Hip hop is a major part of the systemic and structural reasons that this epidemic is upon us, because it both directly and indirectly promotes covetousness through materialistic oneupmanship. It began as a boastful musical artform. But in addition to the boasts and braggadocio was competition. It is the one music that so closely mirrors sports.

A couple of years after hip hop hit the scene, crack was introduced to the urban centers. This is important because, for the first time, you saw a bunch of young blacks, in the hood, making fast money and big money. Enough cash to buy gaudy jewels, expensive cars, etc. Gettin’ money was possible for anyone.

Fast forward to today — the crack rush has died down. Yet, while drug dudes scrap for crumbs, hip hop is still thriving and more importantly, the atmosphere of materialism is just as acute and maybe more deviant than before. Which brings us to another problematic layer, being that that the sentiment of hip hop is to degrade men that can’t afford platinum, ice, Escalades, etc. And another strong sentiment that sprung from the crack game is the By Any Means Necessary mantra. That means: I want all the fly things and I will sell crack to my aunt to get it. I will also rob you of yours to get it.

On more than one ocassion, I’ve been out with some associates and there’d be a hoodlum in the midst who will look at some dude rockin’ a nice chain and say something like, “Man, I should go snatch that Jesus-piece right of his neck.” And he’d mean it. There’s also a reason why an urban-hip-hop-cliche before you enter a club is to “tuck your chain.” If your’re a white dude, stepping into Les Deux with a Rolex on your wrist, you don’t have to worry about these kinda things. But don’t step into some spot on Crenshaw rockin’ platinum if you don’t want problems, because you’ll be targeted.

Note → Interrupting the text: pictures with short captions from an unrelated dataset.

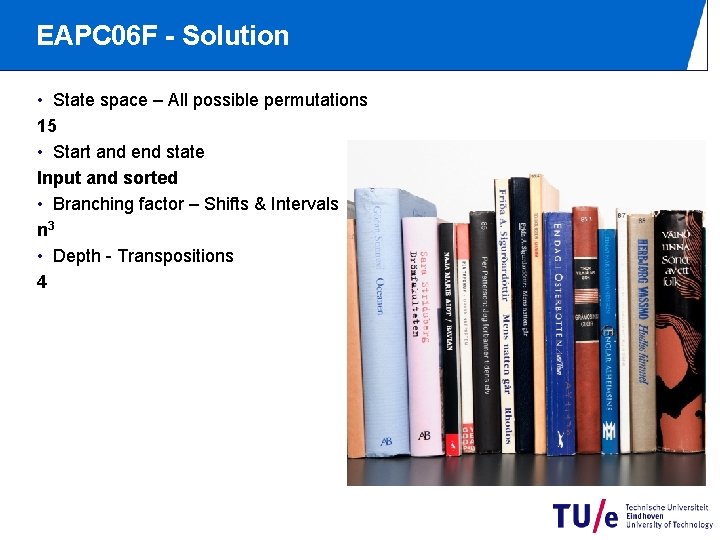 EAPC 06 F - Solution • State space – All possible permutations 15 •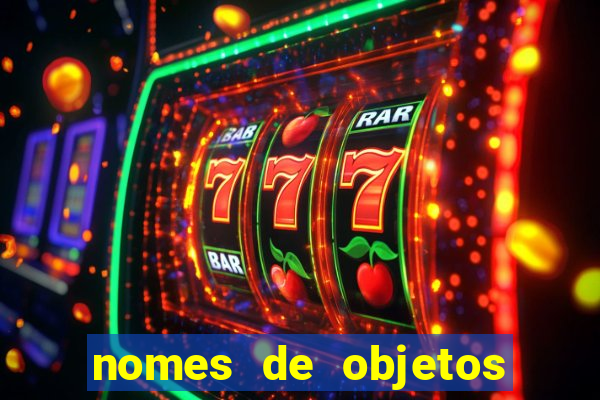 nomes de objetos de origem tupi guarani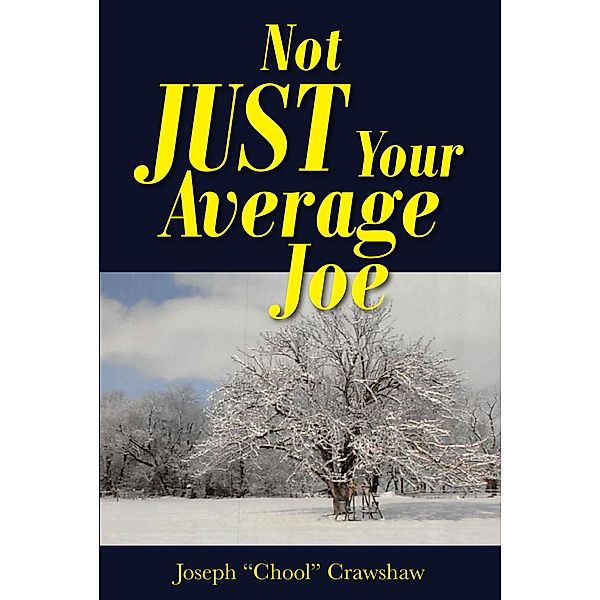 Not JUST Your Average Joe, Joseph "Chool" Crawshaw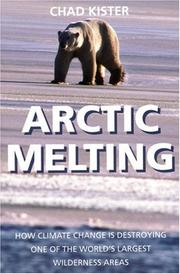 Cover of: Arctic Melting: How Global Warming Is Destroying One Of The World's Largest Wilderness Areas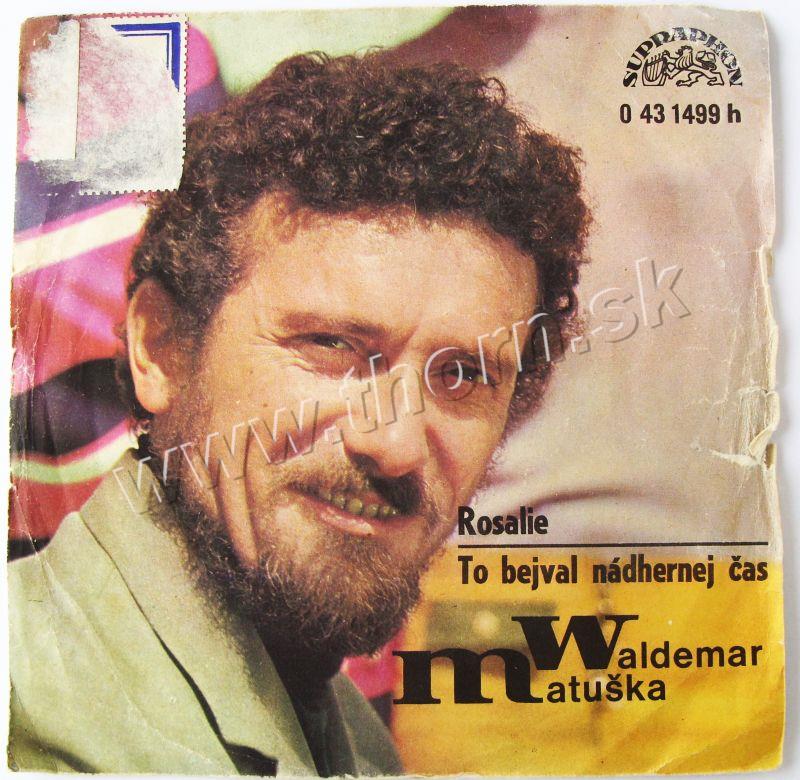 Matuška Waldemar- Rosalie, To bejval nádhernej čas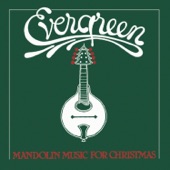 Evergreen: Mandolin Music for Christmas artwork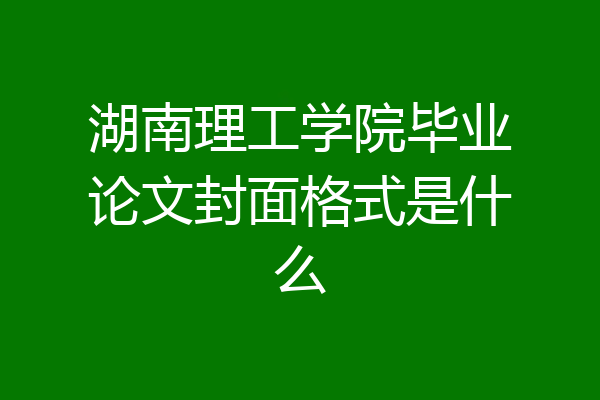 湖南理工学院毕业论文封面格式是什么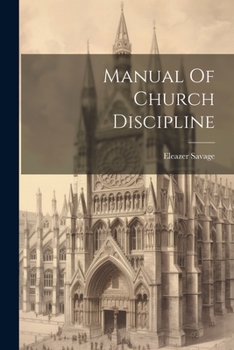 Paperback Manual Of Church Discipline Book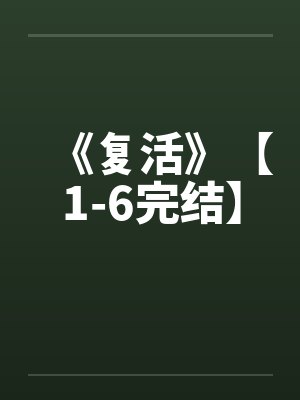 《复活》【1-6完结】 《复活》【1-6完结】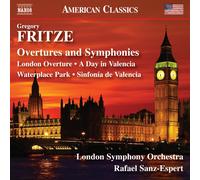 London Symphony Orchestra; Rafael Sanz-Espert - Gregory Fritze: Overtures and Symphonies (London Overture; A Day in Valencia; Waterplace Park; Sinfonia de Valencia)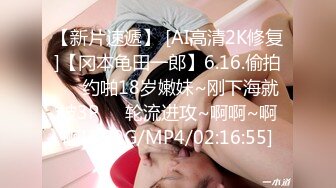 【新片速遞】 [AI高清2K修复]【冈本龟田一郎】6.16.偷拍❤️约啪18岁嫩妹~刚下海就被3P❤️轮流进攻~啊啊~啊啊[2.29G/MP4/02:16:55]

That’s the culture. You have a bunch of young men being told — through music and American capitalist thought — that they are squares without material things; these same black men don’t have “comfortable means” to getting it; and these same men have not developed the moral code to keep them from coveting and reacting on jealous impulse.

Sean Taylor was not a thug. I know thugs when I see them. They are my cousins in federal prison. They are the dudes that used to stalk my street in East Buffalo with fully brandished AK-47s or the other dudes stomping a kid for a$$ betting at the corner dice game. Sean Taylor is a football player. His death is not a “live by the sword, die by the sword” case of karmic justice. Sean Taylor is a rich athlete that grew up coveting the same trappings that many young black males do; and his profession afforded him the means to go get it. Same for Eddy Curry. Some criminals chose to go take it. When you turn on HBO and see Pretty Boy Floyd in his “24/7” episodes carrying around wads of cash and price-quoting how much his jewels cost, one wonders when some thug will build the gumption to challenge Floyd’s security detail and make off with some of his spoils.

This is not something to be solved by simply scolding athletes into changing their appearance or lifestyle; or judging hip hop artists into changing their lyrics. This is a cultural and moral epidemic and an American problem, something that needs nationwide attention. It shouldn’t take someone running up on Brett Favre’s ranch and robbing him and his family at gunpoint before brains and serious critical thought are mobilized.